Le Maroc a fermement condamné l'attaque de missiles lancée par l'Iran contre plusieurs États arabes, suite aux frappes menées par les États-Unis et Israël sur Téhéran et d'autres villes iraniennes.
Dans un communiqué publié le 28 février 2026, le ministère marocain des Affaires étrangères a déclaré que le Royaume du Maroc considérait cette action comme une « violation flagrante de la souveraineté nationale » des États touchés, une « atteinte inacceptable à leur sécurité » et une « menace directe à la stabilité de la région ». Les pays visés par les tirs de missiles iraniens incluent les Émirats arabes unis, le Royaume de Bahreïn, l'État du Qatar, l'État du Koweït, le Royaume hachémite de Jordanie et le Royaume d'Arabie saoudite.
Le Maroc a exprimé sa « pleine solidarité » avec les États arabes frères et a soutenu toutes les mesures légitimes prises pour répondre à cette attaque, protéger leur sécurité et assurer la quiétude de leurs citoyens et résidents.
Cette condamnation intervient alors que le Moyen-Orient est plongé dans une crise sécuritaire majeure, exacerbée par les opérations militaires conjointes des États-Unis et d'Israël contre l'Iran. Ces opérations, baptisées « Opération Fureur épique » par Washington et « Rugissement du Lion » par Tel Aviv, ont ciblé des sites liés à la direction militaire et politique iranienne, y compris des zones proches du complexe du Guide suprême Ali Khamenei.
En représailles, l'Iran a lancé des missiles sur des bases militaires américaines dans le Golfe et en Israël. Téhéran a confirmé avoir ciblé la base aérienne d'Al-Udeid au Qatar, la base aérienne d'Al-Salem au Koweït, la base aérienne d'Al-Dhafra aux Émirats arabes unis et le quartier général de la cinquième flotte américaine à Bahreïn. La Jordanie a également intercepté des missiles iraniens.

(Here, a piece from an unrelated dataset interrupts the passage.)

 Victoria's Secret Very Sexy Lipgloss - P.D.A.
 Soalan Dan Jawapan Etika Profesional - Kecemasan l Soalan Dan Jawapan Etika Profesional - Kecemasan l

Les Émirats arabes unis ont rapporté avoir intercepté plusieurs missiles iraniens, mais des débris sont tombés à Abou Dhabi et à Dubaï, causant des dommages. L'attaque a suscité une vague de condamnations internationales, l'ONU appelant au respect du droit international pour maintenir la paix et la sécurité.
Le Maroc avait rompu ses relations diplomatiques avec l'Iran en 2018, accusant Téhéran de soutenir le groupe séparatiste du Front Polisario. Cette position ferme réaffirme l'engagement du Maroc envers la stabilité régionale et sa solidarité avec ses alliés du Golfe.
Le roi Mohammed VI a eu des entretiens téléphoniques avec les dirigeants des pays du Golfe, réaffirmant le soutien du Maroc à toutes les mesures qu'ils jugent nécessaires pour assurer leur sécurité. Rabat entretient des partenariats stratégiques de longue date avec les États du Conseil de coopération du Golfe, notamment en matière de coopération sécuritaire, d'investissement et de coordination politique.
La diplomatie marocaine, fidèle à sa doctrine, plaide pour la stabilité régionale, le respect de la souveraineté des États et une action coordonnée entre alliés.